The DARPA BOLT (Broad Operational Language Translation) program developed machine translation and information retrieval for less formal genres, focusing particularly on user-generated content. LDC supported the BOLT program by collecting informal data sources -- discussion forums, text messaging and chat -- in Chinese, Egyptian Arabic and English. The collected data was translated and annotated for various tasks including word alignment, treebanking, propbanking and co-reference.
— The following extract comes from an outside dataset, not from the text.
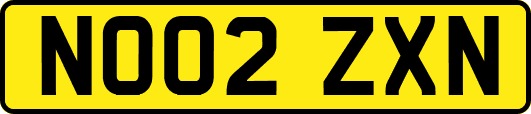 NO02ZXN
Part-of-speech and treebank annotation conformed to Penn Treebank II style, incorporating changes to those guidelines that were developed under the GALE (Global Autonomous Language Exploitation) program. Those changes primarily concerned the tokenization of hyphenated words, part-of-speech and tree changes necessitated by the tokenization changes, and updates to the syntactic annotation to comply with updated annotation guidelines. Supplementary guidelines for English treebanks and web text are included with this release.
Data
The source data is Chinese SMS and chat text collected by LDC between 2010 and 2013, translated into English and released in BOLT Chinese SMS/Chat Parallel Training Data (LDC2021T11). A subset of the translated text -- 194 files representing 108,385 tokens -- was selected for the treebank and annotated for word-level tokenization, part-of-speech and syntactic structure. Only the translated English text is included in the source data for this release.
The unannotated Chinese source data was released as BOLT Chinese SMS/Chat (LDC2018T15), the Chinese-English word alignment data was released as BOLT Chinese-English Word Alignment and Tagging -- SMS/Chat Training (LDC2019T13) and the Chinese Treebank of the Chinese data was released as part of Chinese Treebank 9.0 (LDC2016T13).